Cadence shifted topics abruptly. "We should discuss Nova."
I groaned. "Why."
"You hinted earlier at that behemoth being the final product."
"That was sarcasm."
"I answered literally."
"Cadence," I said, "I just fought a giant metal nightmare built out of optimism and bad engineering. I don't need Nova in my head right now."
"He is in your future path."
"That's not comforting."
"I did not intend comfort."
"You never do."
She considered that. "Nova attempted to replicate you."
"Yes."
"With scavs."
"Yes."
"Repeatedly."
"Yes."
"And largely failed."
"That part," I said, "I did enjoy."
Her projection softened. "You are concerned about what a successful attempt might look like."
I gave her a sideways glance. "You tell me."
She didn't answer right away.
"There is no record of a working model in my recovered memories," she said slowly. "But based on the brute's anatomy and the Vulture modifications, Nova has been refining the template."
"So he might have finished the experiment."
She hesitated. "He might have approximated you."
"Lovely."
"You are still superior."
"Stop flirting."
We entered a new sector of the lab. The walls shifted from rusted iron to smoother polymer panels. Cleaner. Less decay. Whatever had been happening here had lasted longer than the rest of the complex.
A broken viewing window stretched across the left wall. Behind it lay a testing room filled with shattered equipment. Tables overturned. Scorch marks spidering across the floor. Something strong had torn through here, recently enough that the smell hadn't faded.
Cadence walked up beside the glass. "This was a calibration chamber. Response trials."
"And someone threw a tantrum."
"Most likely."
I crouched, touched the floor. Sand had blown in through a ventilation grate, forming small drifts. Footprints cut through them. Heavy. Deep. The same pattern of the brute.
But there was a second set. Lighter. More controlled.
Cadence crouched with me, mirroring. "Those prints match neither scav, vulture nor brute movement."
"That's not ominous at all."
She ran a brief scan. "They match your stride closely."
"Perfect," I said. "He built my evil twin."
"Statistically unlikely."
"Weirder things have happened this week."
She processed that. "Its been a tough week to be fair."
We continued deeper.
The lab's lighting improved. Emergency strips flickered on as we walked, following us like nosy fireflies. Cadence extended a faint holographic map ahead of us.
"Next sector is an archival junction. Limited threat probability."
"That's your favourite phrase."
"It is accurate."
"It's also what you said before being attacked on multiple occasions."
"Statistically unusual events."
"Statistically painful events."
We passed a row of deactivated turrets, their barrels drooping like melted candles. Someone had overridden them manually. Or ripped out their processors for parts. Hard to tell in this place.
The corridor sloped downward. Air grew cooler. More sterile. Less dust, more metal.
Cadence spoke again. "Iris.

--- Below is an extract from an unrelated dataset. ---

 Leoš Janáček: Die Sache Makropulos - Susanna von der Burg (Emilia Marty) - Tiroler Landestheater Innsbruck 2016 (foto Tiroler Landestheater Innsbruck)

You should be cautious."
"I am always cautious."
"That is factually untrue."
"Let me pretend."
"I will allow it this time."
She projected a small telemetry window. "Residual energy signature ahead. Very faint. Same spectrum as you."
"… what now."
"Cadence."
"Yes."
"I'm officially uncomfortable."
"Correct."
We reached a door. Heavy. Reinforced. Still partly powered. A glowing panel hummed at its side.

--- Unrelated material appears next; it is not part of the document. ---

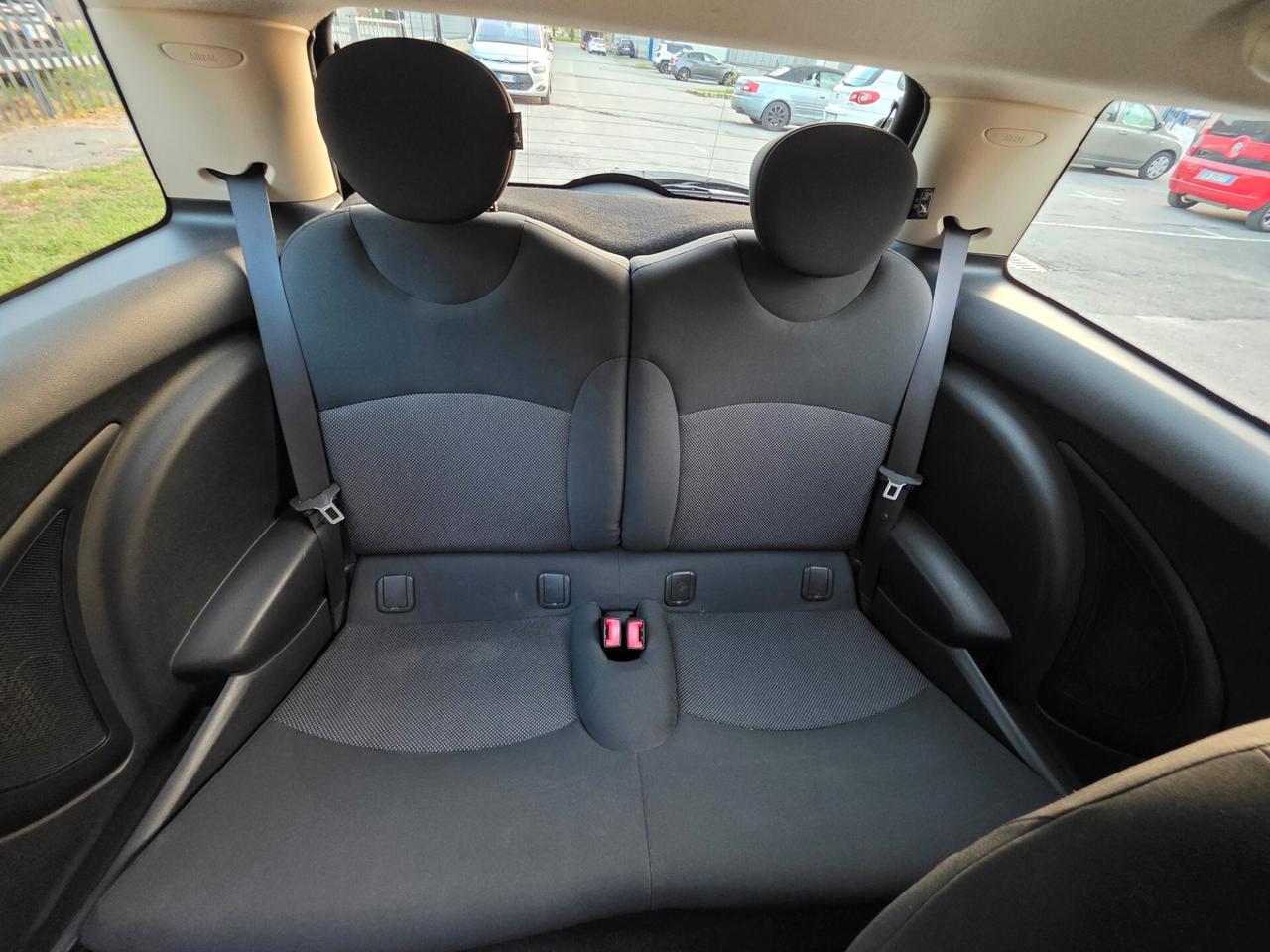 Mini One benzină 1.6 neopatentati euro5B prezzo5200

Cadence scanned. "This leads to a central archive. If there is information aboutany further prototype developments, it will be there."
"So homework."
"Possibly."
I rested my hand on the door. "When we open this, things get worse, don't they."
"Yes."
"Just checking."
I pressed the panel.
The door hissed open.
A gust of stale, cold air drifted out. The room beyond stretched into shadows filled with towering shelves and abandoned equipment.
I tensed expect an apocalyptic event and ....
...No monsters.No alarms.Just waiting.
Cadence stepped in beside me. "Iris."
"Yeah."
"Remember. You are the original. Everything here is only approximation."
"Thanks," I said. "I really needed the pep talk."
I snorted. "Come on then. Let's go find out what Nova got up to."